The earwig is 6 inches below the soil nestled in a chamber she picked out months ago while the newly crowned yellow jacket bides her time to take the throne huddled beneath the bark of an old stump. The icy air and and piles of snow have put a full stop on the kingdom of insects and even though they have ways to cope with the cold and wait out the winter – many won’t make it when the sunshine finally smiles on the land and brings the warm weather of spring.
There is however one horde of insects who has been busy over the long cold season. Below the frost line where temperatures stay steady they’ve expanded the nest, created new tunnels and found an old stash of 2×4’s in some construction debris under the house next door. Foraging deeper under ground the termites have planned well to make it through the time when they’ve been cut off from surface food. Subterranean termites don’t hibernate, they don’t over winter but their activity above ground does slow down- or does it?
Busy All Year
Unseen and silent, this is the time of year when thousands of termites are working on a special project which is above grade and one that is right under your nose. With the warmth of your home heating the walls subterranean termites spend the last few weeks of winter building swarm castles where alates will emerge in a frenzied swarm. All this just behind the flat screen TV or the family portrait hanging on the wall.
A swarm castle is an area especially groomed for the winged termites to give them every chance for a successful mating flight. Wood is smoothed so wings don’t catch, break or tear and the choice of walls is usually on the side of the home where the sun shines longest and is warmer. Drywall or plaster board is a favorite because it is smooth already and the paper backing is something they can eat. The ‘staging’ area where the flying termites wait for the word to go is often one very large mud cave rather than many little tubes which is what they normally travel in.
Eastern Subterranean termites almost always swarm in the morning between 10 to 12 a day after a rain. (this can vary).

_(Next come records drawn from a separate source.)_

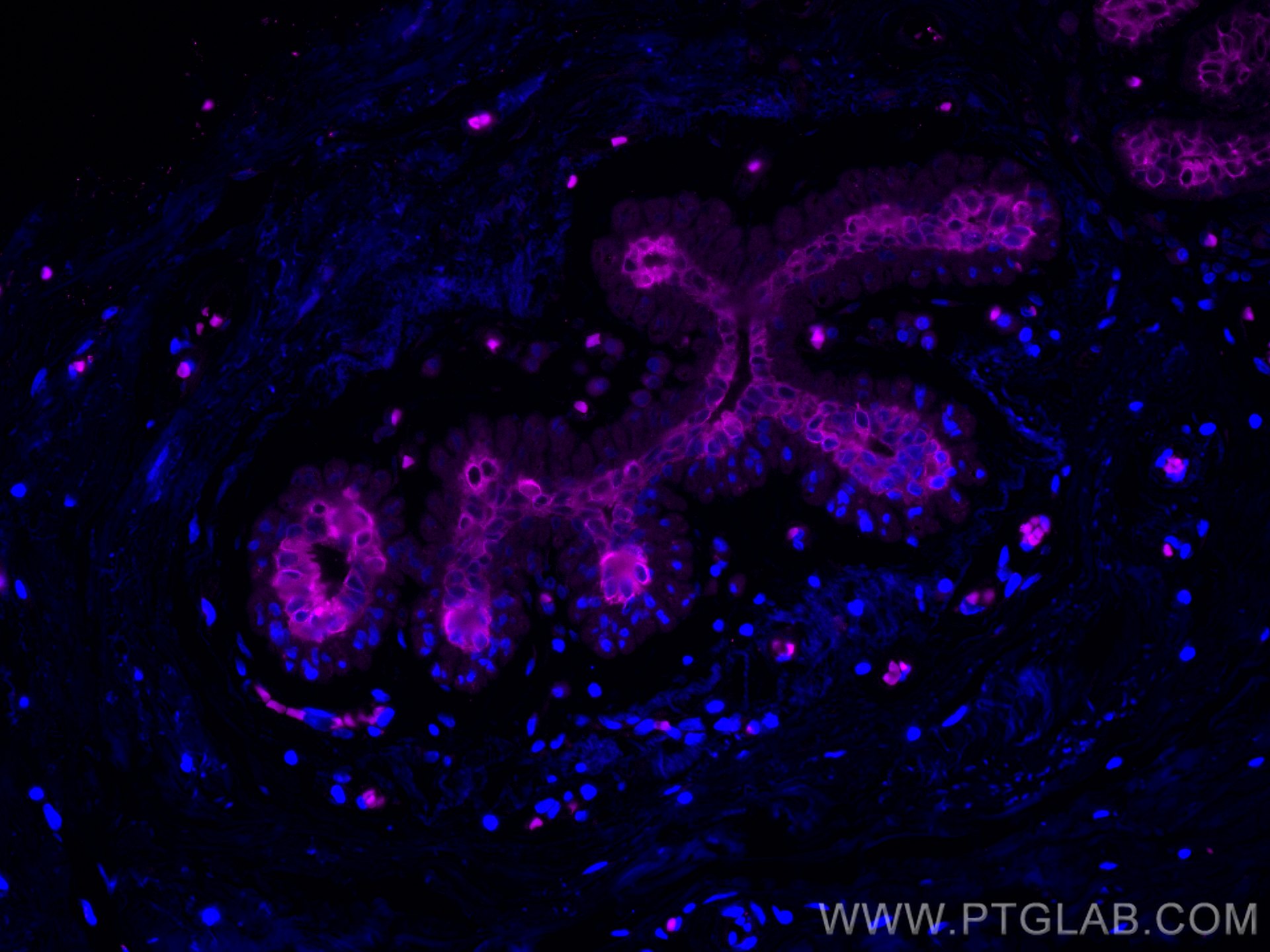 IF Staining of human breast cancer using CL647-60187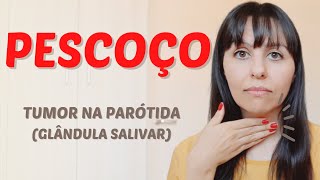 Pescoço  tumor na parótida glândula salivar [upl. by Binette353]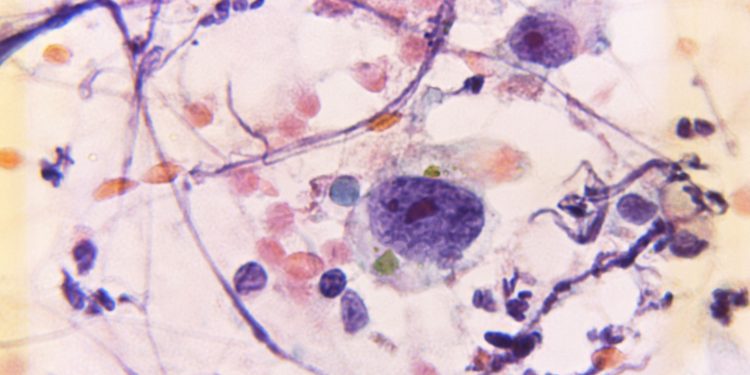 Νέα μελέτη αποκαλύπτει σημαντικές πληροφορίες για την αντιμετώπιση του καρκίνου του μαστού  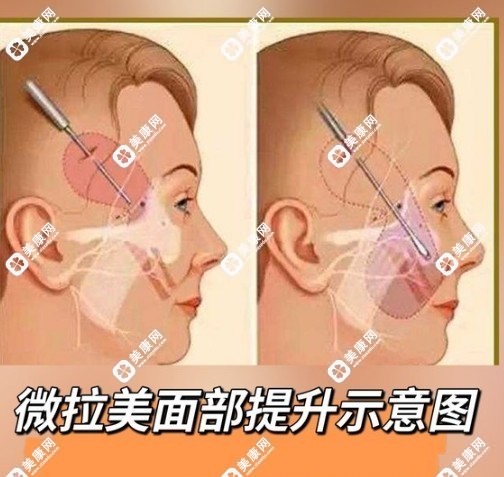 微拉美4.0的優(yōu)勢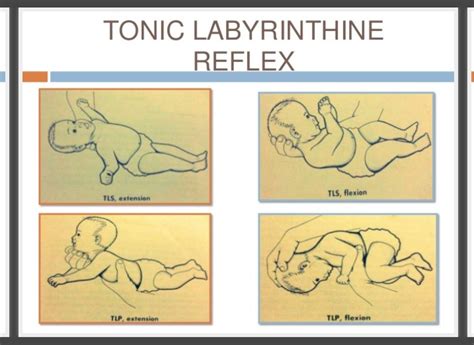 Benefits Of The Tonic Labyrinthine Reflex (TLR) For Optimal, 56% OFF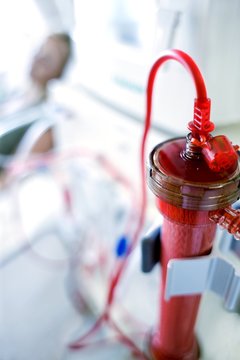 Kidney dialysis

Most often the homeowner has no idea of the legion of flying termites just on the other side of the wall that they’ve looked at all winter long. Sometimes however, they may notice small specks of mud appearing somewhere on the white wall but wiping it away they don’t give it a second thought. After-all it’s been cold outside so long and they haven’t seen a bug for months. Termites are the last thing on their minds.
Well it’s been a long week sloshing to work and it’s a beautiful Saturday morning with the sun shining brightly. You just might head out in the yard to plant some flowers later but right now it’s you, a cup of coffee and the morning paper. Sitting in your coziest chair, the suns rays feel so good coming through the window. It’s gonna be a great day with no worries and you have a peace from feeling safe in your solid but comfortable home. Hopefully for you the day ends well and no troubles arise but for millions of Americans every spring, it is just the calm before the swarm.